Max decided a day or two after Christmas 2020 to transfer from Wabash Valley College in Mount Carmel, Ill. — where he spent the fall — to Arizona Western College (a school that also recruited him in high school). He packed up all he had at his Illinois apartment in his truck and went with his parents on a 26-hour drive.

“It was a journey out here,” says Weller. “But all for the good.

“I loved it out here. We get to practice outside reps every single day.”

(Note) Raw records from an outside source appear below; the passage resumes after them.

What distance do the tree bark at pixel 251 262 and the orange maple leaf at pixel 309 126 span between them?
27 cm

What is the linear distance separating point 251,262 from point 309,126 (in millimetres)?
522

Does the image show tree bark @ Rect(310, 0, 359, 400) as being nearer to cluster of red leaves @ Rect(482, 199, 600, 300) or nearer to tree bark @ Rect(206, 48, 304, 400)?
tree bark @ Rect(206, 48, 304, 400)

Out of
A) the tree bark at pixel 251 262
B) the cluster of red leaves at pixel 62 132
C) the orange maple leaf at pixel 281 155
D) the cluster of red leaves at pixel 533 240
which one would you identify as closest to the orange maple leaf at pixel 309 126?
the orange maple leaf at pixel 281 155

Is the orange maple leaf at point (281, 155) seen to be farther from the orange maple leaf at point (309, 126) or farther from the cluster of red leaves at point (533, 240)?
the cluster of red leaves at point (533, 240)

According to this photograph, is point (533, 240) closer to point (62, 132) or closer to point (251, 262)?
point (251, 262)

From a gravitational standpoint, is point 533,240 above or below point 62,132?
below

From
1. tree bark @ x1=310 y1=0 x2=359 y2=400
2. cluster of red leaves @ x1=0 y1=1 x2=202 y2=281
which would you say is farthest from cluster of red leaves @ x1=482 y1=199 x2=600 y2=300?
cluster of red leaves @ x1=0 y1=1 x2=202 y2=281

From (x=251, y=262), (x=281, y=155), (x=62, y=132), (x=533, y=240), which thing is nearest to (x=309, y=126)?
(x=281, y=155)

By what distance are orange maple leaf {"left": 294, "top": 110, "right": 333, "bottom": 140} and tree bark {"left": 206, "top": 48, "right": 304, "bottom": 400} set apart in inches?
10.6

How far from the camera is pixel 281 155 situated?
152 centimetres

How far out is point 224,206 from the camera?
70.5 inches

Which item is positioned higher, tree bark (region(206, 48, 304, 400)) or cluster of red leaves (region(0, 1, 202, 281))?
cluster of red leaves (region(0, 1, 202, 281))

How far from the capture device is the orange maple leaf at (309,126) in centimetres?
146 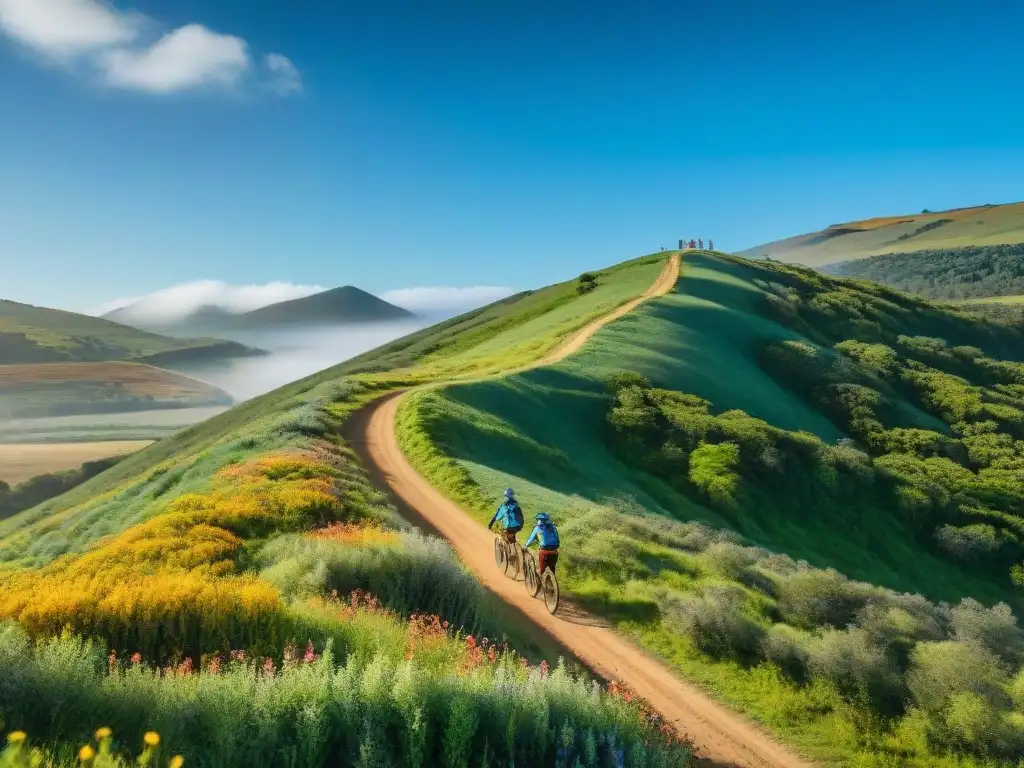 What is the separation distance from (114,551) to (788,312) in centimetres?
7247

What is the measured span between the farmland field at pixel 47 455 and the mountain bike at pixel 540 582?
116 metres

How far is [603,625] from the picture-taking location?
45.2 feet

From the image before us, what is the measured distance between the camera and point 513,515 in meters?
16.2

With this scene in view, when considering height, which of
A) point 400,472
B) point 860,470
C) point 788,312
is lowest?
point 860,470

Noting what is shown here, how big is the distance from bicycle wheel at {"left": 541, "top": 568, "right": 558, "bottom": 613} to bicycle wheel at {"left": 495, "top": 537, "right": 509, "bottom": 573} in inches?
93.6

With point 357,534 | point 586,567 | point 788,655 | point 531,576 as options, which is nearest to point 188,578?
point 357,534

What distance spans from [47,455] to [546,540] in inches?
6596

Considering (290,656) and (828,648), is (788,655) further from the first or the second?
(290,656)

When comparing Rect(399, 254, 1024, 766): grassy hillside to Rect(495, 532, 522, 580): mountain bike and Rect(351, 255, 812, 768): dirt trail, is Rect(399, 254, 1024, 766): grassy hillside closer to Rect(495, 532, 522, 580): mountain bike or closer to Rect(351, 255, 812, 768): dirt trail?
Rect(351, 255, 812, 768): dirt trail

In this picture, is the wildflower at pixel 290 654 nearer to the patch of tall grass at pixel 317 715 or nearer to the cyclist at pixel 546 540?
the patch of tall grass at pixel 317 715

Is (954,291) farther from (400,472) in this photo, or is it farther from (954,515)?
(400,472)

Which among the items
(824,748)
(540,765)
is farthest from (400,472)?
(540,765)

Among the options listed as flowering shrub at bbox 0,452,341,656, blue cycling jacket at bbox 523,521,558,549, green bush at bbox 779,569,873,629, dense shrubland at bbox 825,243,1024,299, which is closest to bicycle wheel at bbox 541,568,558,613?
blue cycling jacket at bbox 523,521,558,549

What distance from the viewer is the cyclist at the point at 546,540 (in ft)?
46.5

Using a machine, AWC outfielders field pop-ups and work on their communication.

Most teams on the Matadors’ schedule use wood bats.

“The metal bat games would drag out too long,” says Weller. “The (wood bat) barrel is definitely smaller and does not have as much pop. But there are many truer hits and it’s so much more satisfying.”

Good wood is what 6-foot, 180-pound Weller got on the ball in the first game of a home doubleheader March 9 against Chandler-Gilbert Community College and smacked a homer over the right field fence at Walt Kamman Field. His other college bomb came in a Feb. 18 win against Northeastern in which he plated seven runs.

Weller’s lone four-bagger in high school came as a sophomore in a junior varsity win at LaPorte.

Weller played on the CHS freshmen team in 2017, moved up to JV in 2018 and was on the varsity in 2019, sharing time in right field with Tyler Nelson and at designated hitter.

Indiana High School Baseball Coaches Association Hall of Famer Jack Campbell leads the Chesterton Trojans.

“He taught me the foundations of the game and how to move runners from first to second,” says Weller of Campbell. “I came to understand the concept that everybody has a role. 

“You’ve got to trust the system.”

For a time in high school, Weller was called “Sunshine.” Then wearing long locks, he resembled Ronnie “Sunshine” Bass from the movie, “Remember The Titans.”

COVID-19 took away spring sports in Indiana in 2020. But Weller found a summer baseball home.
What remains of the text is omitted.